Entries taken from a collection
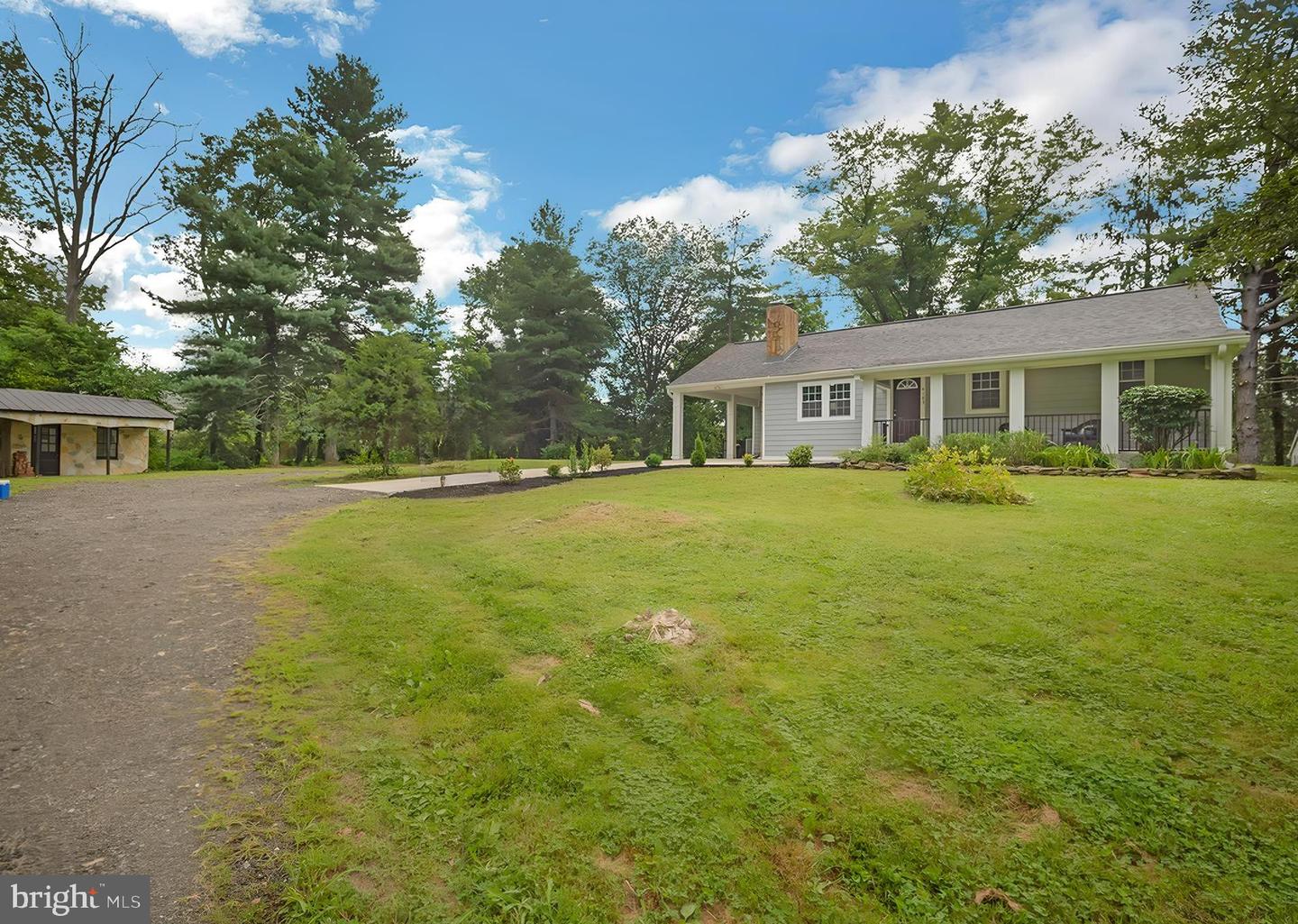 4183 GRANT LN, THE PLAINS, Virginia 20198, 4 Bedrooms Bedrooms, ,2 BathroomsBathrooms,Residential,For sale,4183 GRANT LN,VAFQ2017344 MLS # VAFQ2017344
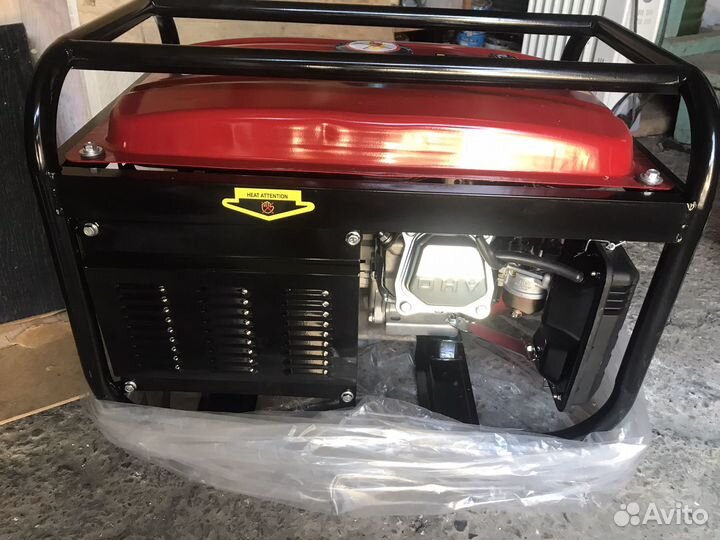 Бензиновый генератор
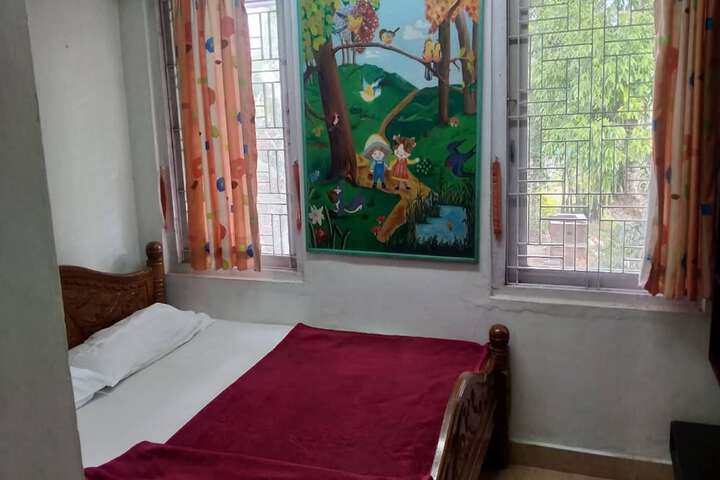 Room 16 of 43
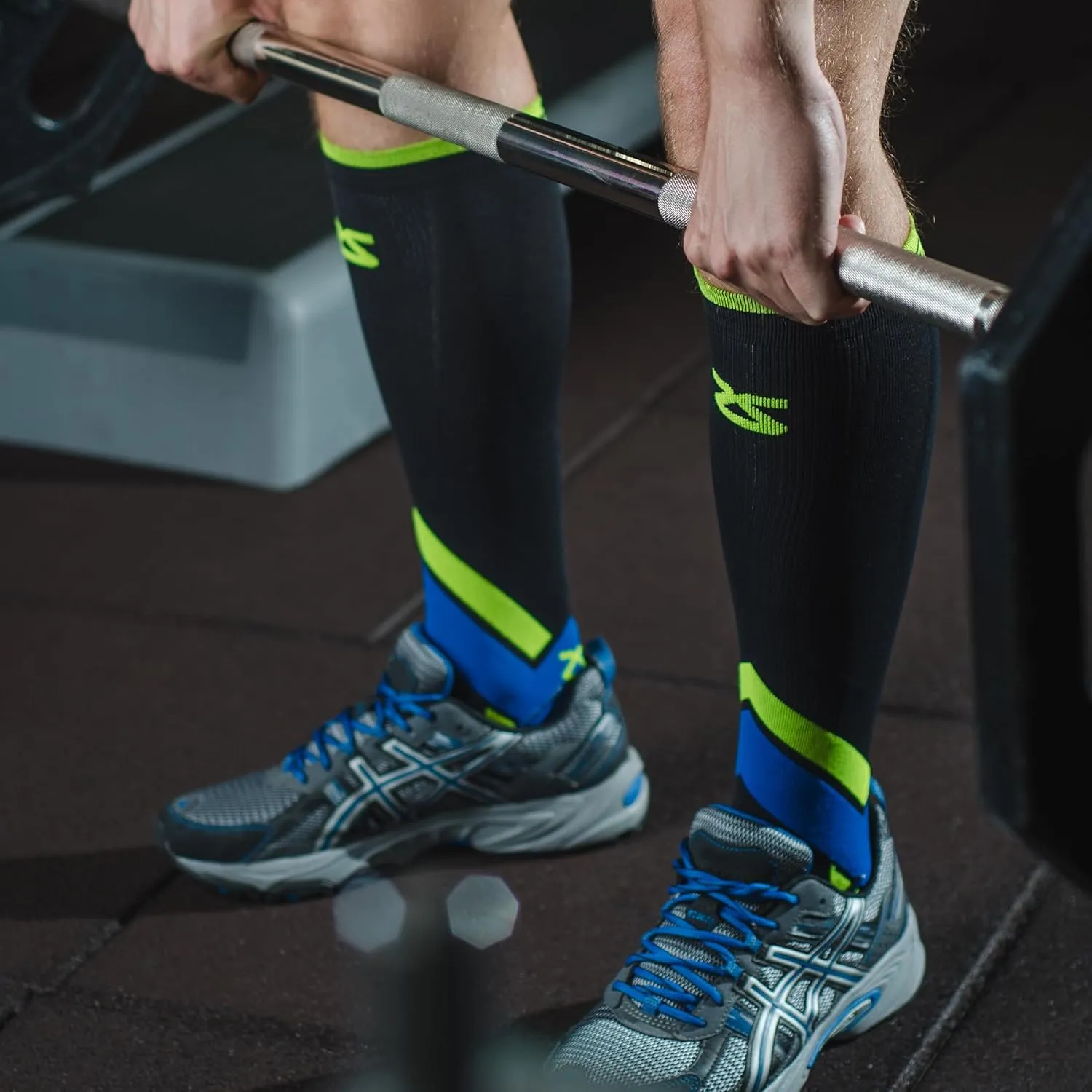 Zensah Tech  Compression Socks - Knee High Running Socks for Sports, Travel, Made in Italy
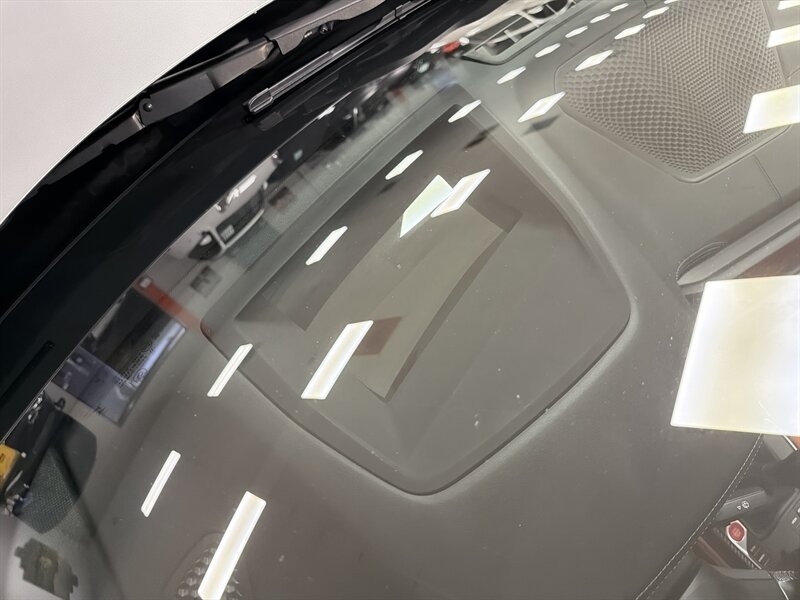 Used 2022 BMW M3 w/ M Carbon Exterior Package RWD image 53
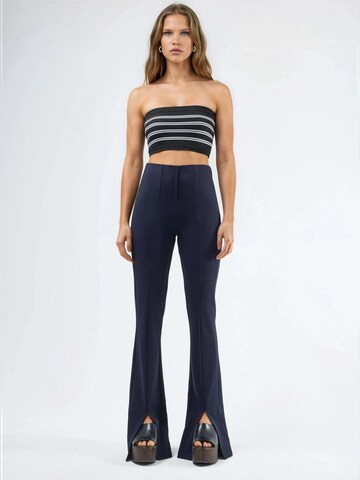 Busem Flared Leggings in Blau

**What this task involves:** Leave out the pictures and print each record exactly as it stands.

**Answer to this exercise:**
 4183 GRANT LN, THE PLAINS, Virginia 20198, 4 Bedrooms Bedrooms, ,2 BathroomsBathrooms,Residential,For sale,4183 GRANT LN,VAFQ2017344 MLS # VAFQ2017344
 Бензиновый генератор
 Room 16 of 43
 Zensah Tech  Compression Socks - Knee High Running Socks for Sports, Travel, Made in Italy
 Used 2022 BMW M3 w/ M Carbon Exterior Package RWD image 53
 Busem Flared Leggings in Blau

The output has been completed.